● **PROBLEM TO SOLVE**: In the entries below, begin at the line that has "lavanta köpek avustralya", stop after the line that has "Royal Celling fan", and output those lines exactly with no pictures.
----- DATA PROVIDED -----
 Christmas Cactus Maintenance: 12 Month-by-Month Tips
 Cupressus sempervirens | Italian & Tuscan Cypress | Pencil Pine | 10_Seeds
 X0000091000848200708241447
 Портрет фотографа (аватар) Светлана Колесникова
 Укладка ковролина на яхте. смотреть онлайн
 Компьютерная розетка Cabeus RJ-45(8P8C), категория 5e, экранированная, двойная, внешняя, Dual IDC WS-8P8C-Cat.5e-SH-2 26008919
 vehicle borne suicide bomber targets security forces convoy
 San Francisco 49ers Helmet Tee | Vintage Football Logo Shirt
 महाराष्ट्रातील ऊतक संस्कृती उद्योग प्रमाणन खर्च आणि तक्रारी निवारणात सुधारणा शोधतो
-----
----- DATA PROVIDED -----
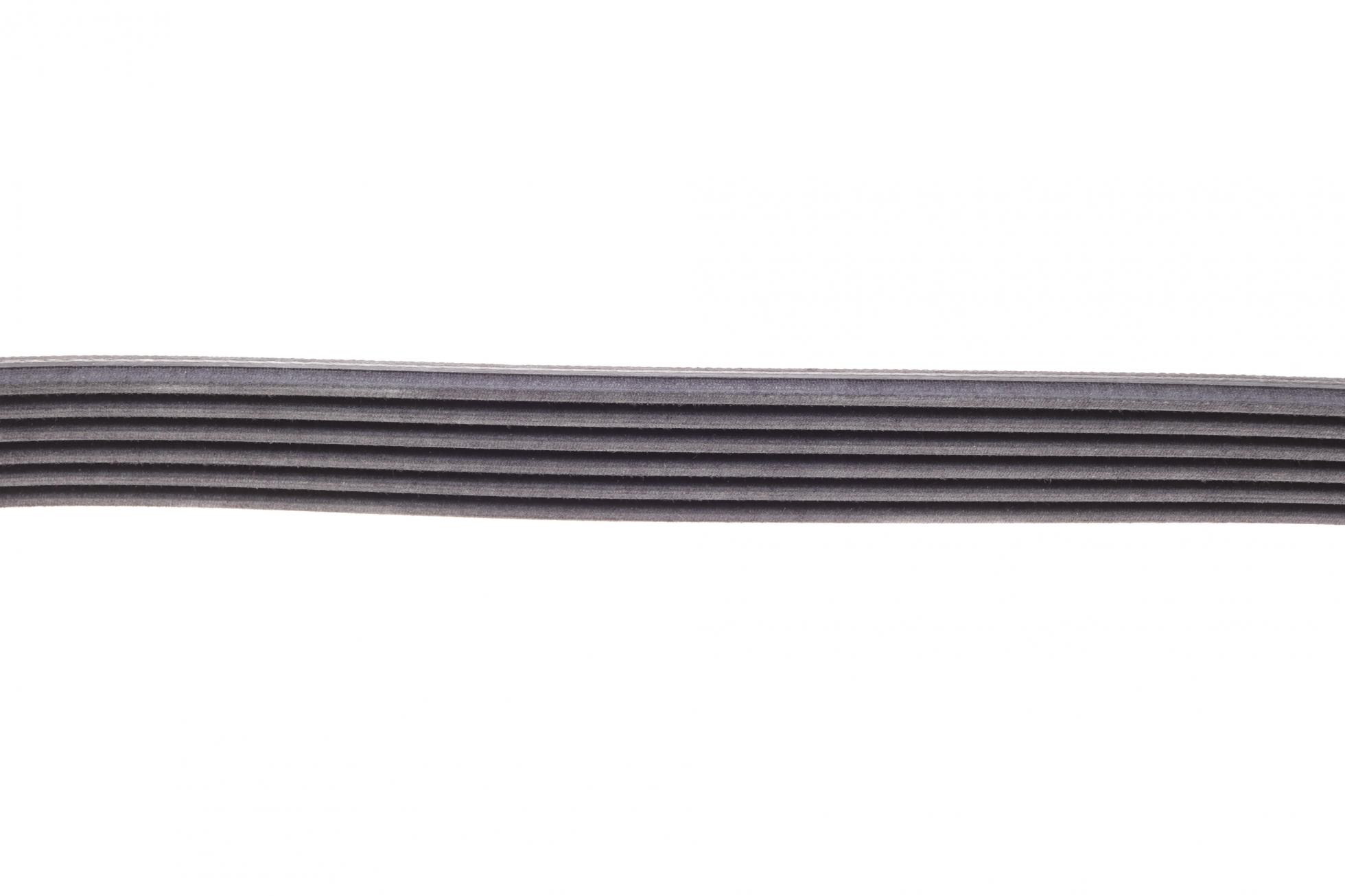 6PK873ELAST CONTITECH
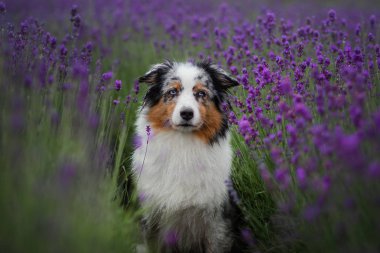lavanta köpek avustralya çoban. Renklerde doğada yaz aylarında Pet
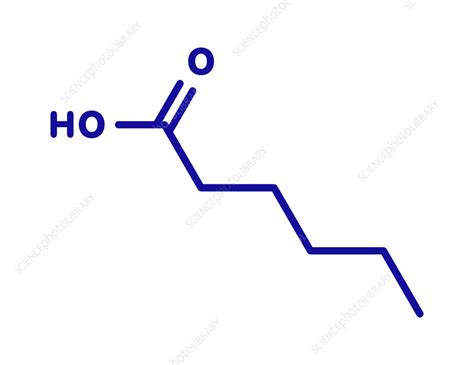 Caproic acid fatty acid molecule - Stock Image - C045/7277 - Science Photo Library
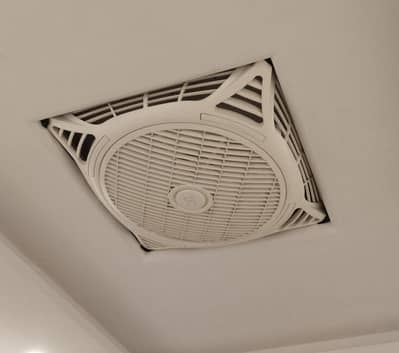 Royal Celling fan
-----
----- DATA PROVIDED -----
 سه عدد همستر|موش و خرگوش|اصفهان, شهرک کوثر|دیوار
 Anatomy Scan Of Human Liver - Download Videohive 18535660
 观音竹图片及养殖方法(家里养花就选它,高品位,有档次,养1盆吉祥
-----
● **REPLY**:
lavanta köpek avustralya çoban. Renklerde doğada yaz aylarında Pet
 Caproic acid fatty acid molecule - Stock Image - C045/7277 - Science Photo Library
 Royal Celling fan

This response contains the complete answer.